Nei locali dell’Associazione Zenobi di Bagnoli della Rosandra/Boljunec, a conclusione della mostra “Uno sguardo sul Litorale”, Todero coordinerà un convegno internazionale di studi presenti relatori di Austria, Slovenia e Italia. A ottobre sarà presentato il film documentario Maledetta sia la sveglia: viaggio in Galizia, produzione Cassiopea/BisiacFilm con il sostegno di Zenobi, mentre il Circolo della Stampa ha in calendario la proiezione del film I boschi sono ancora verdi del regista sloveno Marko Naberšnik, e una serie di presentazioni di libri fra i quali Cento anni di grande guerra di Quinto Antonelli, Tra due divise di Andrea Di Michele e Fiume di Raul Pupo.

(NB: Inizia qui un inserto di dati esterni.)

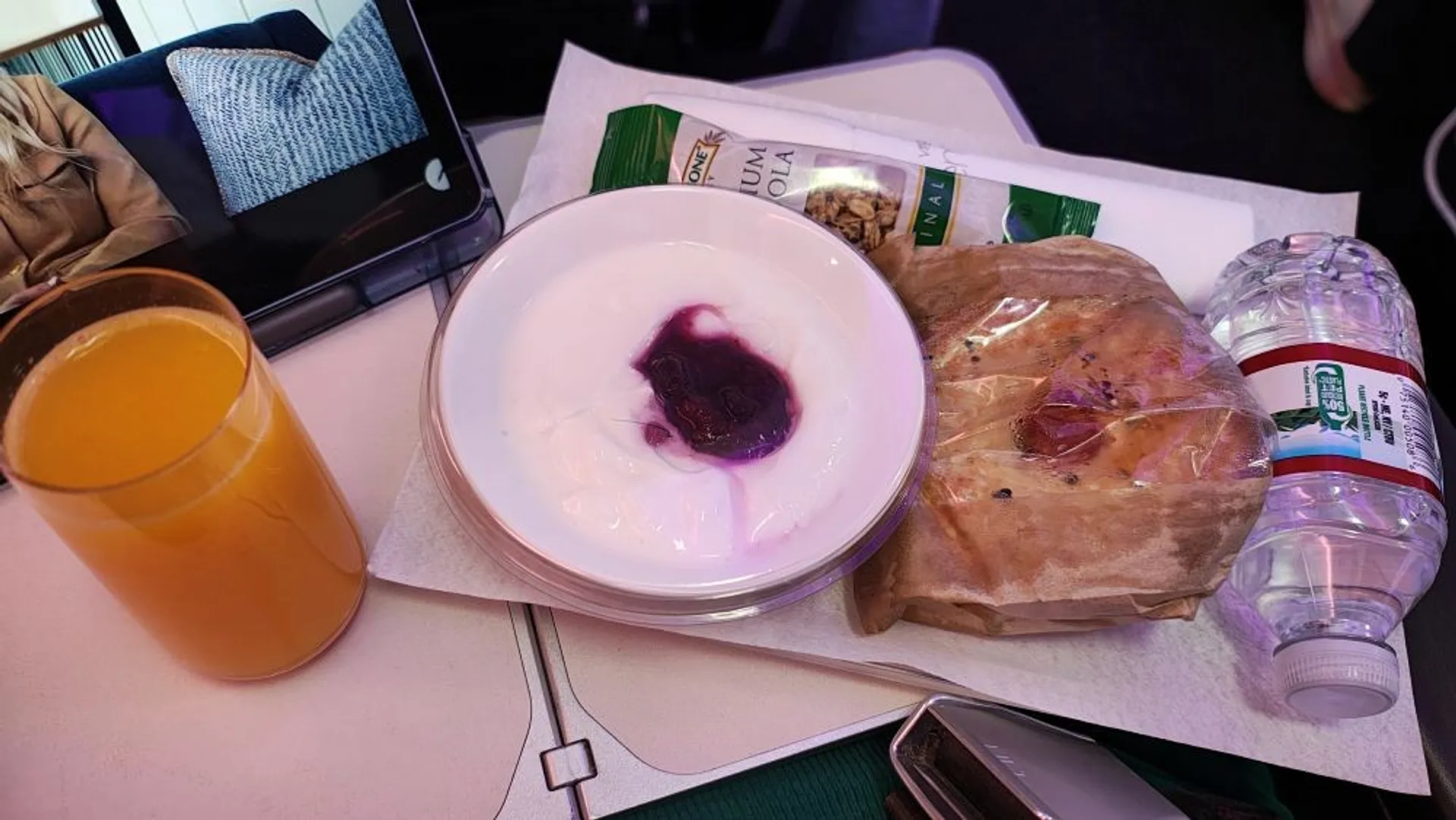 A breakfast consisting of yogurt, an orange drink, packaged pastry, and bottled water is arranged on an airplane tray table.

La maggior parte dei caduti austroungarici giace in lontani cimiteri o in ossari comuni, spesso sotto croci ormai anonime. La memoria è affidata ai nomi che anche a Trieste e nei territori dell’ex Litorale sono stati raccolti e desunti, da giornali, liste di caduti, parrocchie e collaborazioni diverse. Un lavoro fatto in prima persona da volontari e ricercatori storici. Alessandro Sgambati presidente del Club Touristi Triestini ne farà oggetto di una lettura pubblica il 10 di novembre a Trieste in piazza Verdi. All’iniziativa aderiscono oltre ai Circoli della Stampa, Maria Theresia e Grad, l’Unione dei Circoli culturali sloveni ZSKD, le Associazioni Italia-Austria, Italo-Rumena, Isonzo fiume d’Europa/Soča evropska reka, e l’associazione archeologica Natiso cum Turro, la Comunità Croata di Trieste, la Burton Society, la Fameia Mujesana, le Società “Austria” di Cormons e la Società Histria, l’Istituto Mitteleuropeo di Storia e Cultura J.Pangerc. Parteciperanno bande e cori.

La cancellazione della memoria non riguarda solo l’Italia. “Sono evidenti le ragioni dell’Italia fascista – spiega Todero – ma anche l’Austria repubblicana non si è mai fatta carico dell’eredità storica dell’Impero. La grande armata del Paese sovranazionale è finita nell’oblio. I nuovi stati nazionali nati dalla dissoluzione della Mitteleuropa non hanno avuto alcun interesse a scriverne la storia; anzi venne creata una nuova storiografia, imperniata sull’irredentismo, i comitati all’estero, ecc. Nuovi miti da celebrare. Per ragioni diverse uno stesso processo di cancellazione si ebbe nella Jugoslavia, nella Russia comunista e nella Germania hitleriana. Il nostro era un territorio complesso nel quale si incrociavano come lingue autoctone l’italiano, lo sloveno ed il croato senza dimenticare le commistioni tra slavo e tedesco nella parte più settentrionale che solo un paese sovrannazionale è riuscito a gestire e controllare, almeno fino ad un certo punto. Le guerre del ‘900 hanno esasperato i nazionalismi, e ancor oggi, il problema etnico è per il Friuli Venezia Giulia un problema parzialmente irrisolto”.

Intraprendere degli studi comparati su questa pagina di storia sarebbe un doveroso atto di riconciliazione della città con le proprie radici.